Meg lifts these vignettes up as stories of transcendence. They are examples of the way people tap into something larger than themselves. They are about how folks experience a wholeness and a holiness in the midst of difficulty. Not all stories of transcendence are rooted in hardship, but many are. A. Powell Davies says: “We must find our faith, not in the daylight, but in the dark. If we are ever to come to the light of morning, we must carry our own light with us through the night.” And so, stories of transcendence are often tinged with trauma.

Transcendence is one of those numinous words that are a tricky to really grasp, it is a word that points to a reality beyond our words, a reality that many people have experiences of but few talk about. And yet it is a word that appears in various key documents for us. We talk about it in our UUA sources of authority. “The living tradition we share draws from many sources,” we say. And the first source on that list is “Direct experience of that transcending mystery and wonder, affirmed in all cultures, which moves us to a renewal of the spirit and an openness to the forces which create and uphold life.”

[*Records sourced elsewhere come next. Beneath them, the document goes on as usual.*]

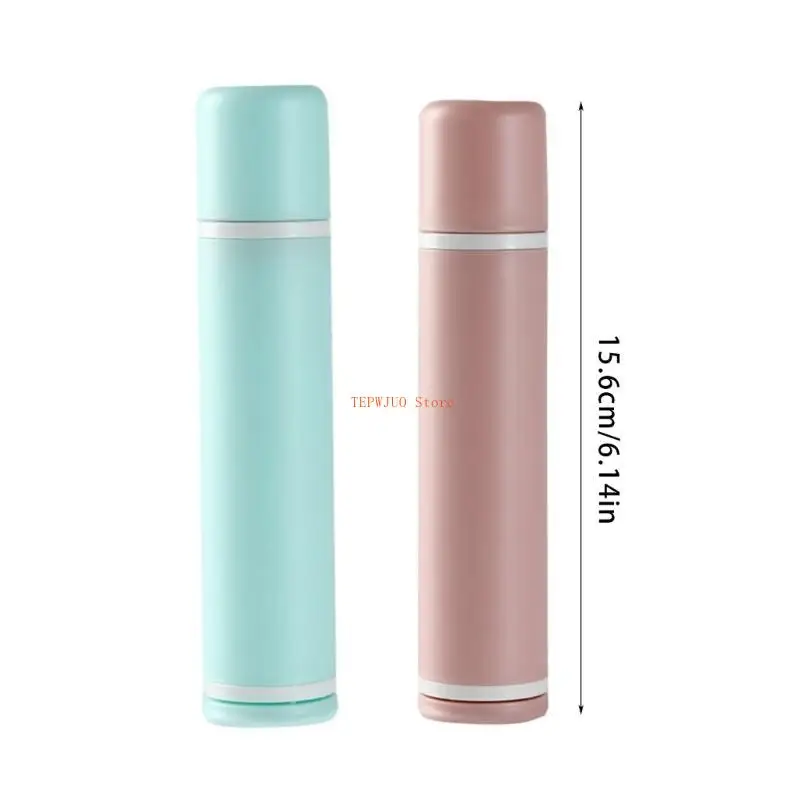 U50F المحمولة الكبار الأنف غسالة الطفل المنزلية الأنف غسالة الطفل الأنف الري #6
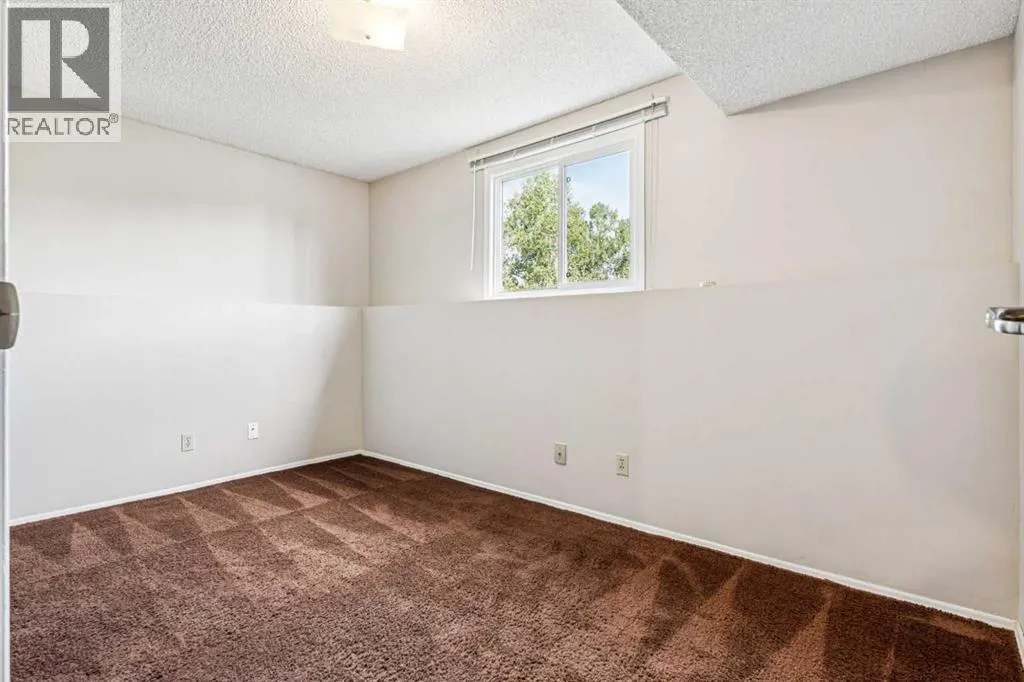 101 Sabrina Way SW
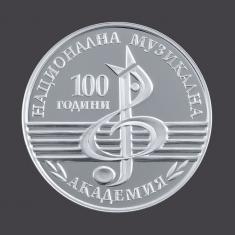 Click image for larger version

Name:	pr_20210618_10lv_img2_bg.jpg
Views:	1
Size:	8.7 КБ
ID:	3773412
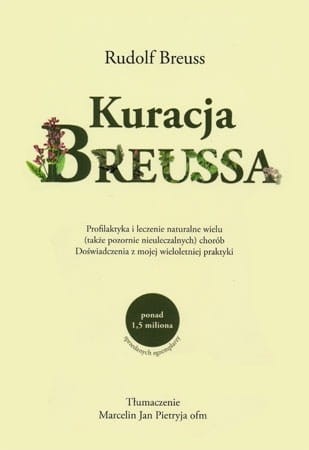 breus.jpeg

We have that word Transcendence in our local Mission Statement. Our UUCB Mission Statement, as you can read on the back of the order of service, says: “We offer a spiritual home where we explore, celebrate and cherish our interconnectedness, encourage growth and transcendence, and act with justice and compassion.”

We adopted this statement a few years back, and one point I remember hearing at that time was a question about transcendence and the way we use the word in this statement. “We … encourage growth and transcendence.” How do we ‘encourage’ something that we can’t control?

Back a few years ago, the process we used to develop our current mission statement began as an interesting series of conversations. We didn’t start by asking each other to try to name the purpose of the congregation. We began by asking people to each tell a story of transcendence. Then from those stories we lifted up the values that were evident. From the piles and piles of value words we began to create a shared sense of which values we as a community would name as most important. Later those common value words became the backbone of our Mission Statement. But it all started with people telling stories of transcendence.

I have a story I circle back to again and again in my thoughts, a story of transcendence. When I was in high school, I remember sitting alone in the woods near a friend’s house one afternoon. I was not doing anything in particular or thinking about anything in particular. I was not waiting for something or someone. I just had a free afternoon and nothing better to do, so I sat on the ground in the woods. I was staring at a stone. It was not a distinguished stone in any way: just a regular gray flat-ish one about the size of a melon. I suppose I had recently had science lessons about atomic structures because I started thinking about the small parts of the stone that go into making it a stone. I stared at the stone and thought about how it was made up of smaller parts that are in turn made up of even smaller parts. How far down does it go? What is the smallest part made of?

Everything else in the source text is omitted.